Are you providing pre-made username and passwords to all the users? or is this some sort of demo account which lets them decide whether to enroll for something or not? and all the fields necessary?

#3

Each user will get a pre-made Username and Password with the course details logged with them, and then as they log on they need to fill every box in, i have not put all the fields in yet, I’m just trying to get it to work before i put all 132 questions in the form.

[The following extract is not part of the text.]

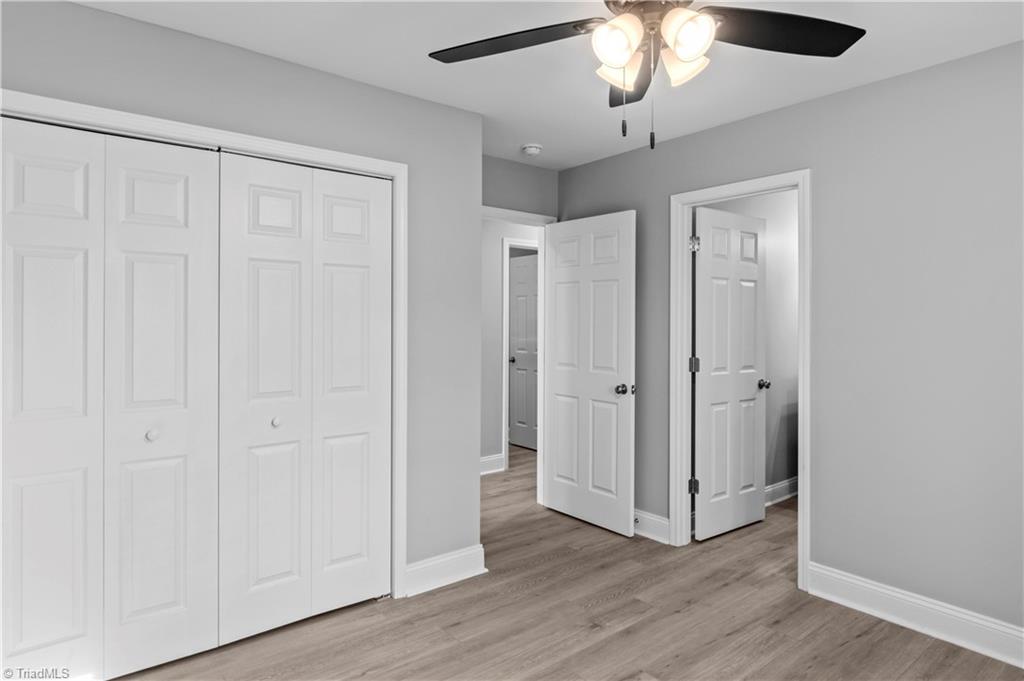 619 Stokesburg Road Walnut Cove, NC 27052 - Photo 12 of 28 Primary Bedroom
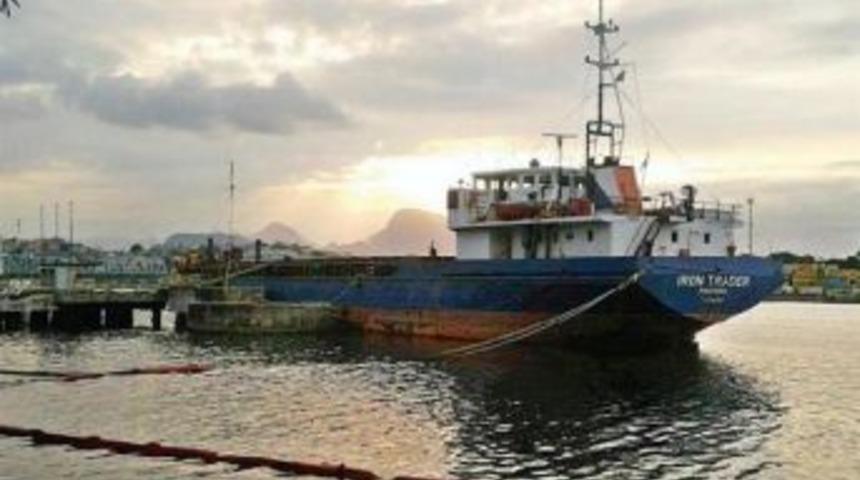 Turkish Crew Stuck Abroad With Financial Problems For Three Years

Thanks for your reply :slight_smile:

#4

Well first thing storing password as plain text is not a good and idea and If you are learning PHP then I would suggest to change your source of information because you are learning the stuff that will soon be depreciated. Anyways here is your code, hope it does the work you want it to do :slight_smile:

[php]<?php

/* I think creating a session here is unnecessary, unless you want to use session later, therefore I’ve commented it for the time being */

/* This function will strip out any bad data entered by the user */
function safe_output($conn, $string){

$string = strip_tags($string);
$string = trim($string);
$string = htmlspecialchars($string);
$string = mysqli_real_escape_string($conn, $string);

return $string;

}

if (	$_SERVER['REQUEST_METHOD'] == 'POST' &&
		isset($_POST['submit'])
	){
	
	/* Creating a connection to the DB */
	
	$host = 'localhost';
	$user = 'root';
	$pass = '';
	$db = 'users';

	$conn = mysqli_connect($host, $user, $pass, $db);

	if (mysqli_connect_errno()){

		die (mysqli_connect_error());
	}

	/* You also need to bring in user's username for verification from the database, although not necessary but you can use it to make sure the account exists in the DB. */

	$query = "SELECT * from users 
							WHERE username = '{$username}'
			 ";
	
	$results = mysqli_query($conn, $query);

	if (!$results || mysqli_affected_rows($conn) != 1){

		die ("Sorry Your account doesn't exsist");

	}

	/* Use some validation methods before saving this post data to the database, for now I've left it as is */

		$male= safe_output($conn, $_POST ['m_14']);
		$female= safe_output($conn, $_POST ['f_15']);
		$fname= safe_output($conn, $_POST ['fn_21']);
		$lname= safe_output($conn, $_POST ['ln_22']);
		$dob= safe_output($conn, $_POST ['dob_25']);
		$housename= safe_output($conn, $_POST ['hn_23']);
		$housestreet= safe_output($conn, $_POST ['hs_24']);
		$pcode= safe_output($conn, $_POST ['pc_31']);
		$nino= safe_output($conn, $_POST ['ni_26']);
		$homephone= safe_output($conn, $_POST ['ht_28']);
		$mobilephone= safe_output($conn, $_POST ['mt_30']);
		$email= safe_output($conn, $_POST ['em_32']);
		$emergencyname= safe_output($conn, $_POST ['ecn_33']);
		$emergencynum= safe_output($conn, $_POST ['ecn_34']);

		/*Update this query accroding to your database columns */
		$query = "UPDATE users 

						SET
							first_name = '{$fname}',
							last_name = '{$lname}',
							dob = '{$dob}',
							....
							....
							...
							...
							/* All the columns and thier VALUES */
						
						WHERE
							username = '{username}'

					";

	$results = mysqli_query($conn, $query);

	if ($results && mysqli_affected_rows($conn) == 1){

		echo "Your Information has been updated";

	} else { echo "There was a problem in updating your info"; }

?>[/php]

#5

I will try it now. Thankyou so much! also i will. I am not very good at self teaching so im struggling a bit. But i promised this charity im working for i would have a go at it. Also for password protection would i be better using MD5?

#6

MD5 is also history, use SHA-1 or SHA-2 or BlowFish

#7

Thankyou i will have a look into them…also im getting the error SCREAM: Error suppression ignored for
( ! ) Parse error: syntax error, unexpected end of file in C:\wamp\www\HOME\rarpa.php on line 204

This is the code you have sent me in replace of the old code

[php]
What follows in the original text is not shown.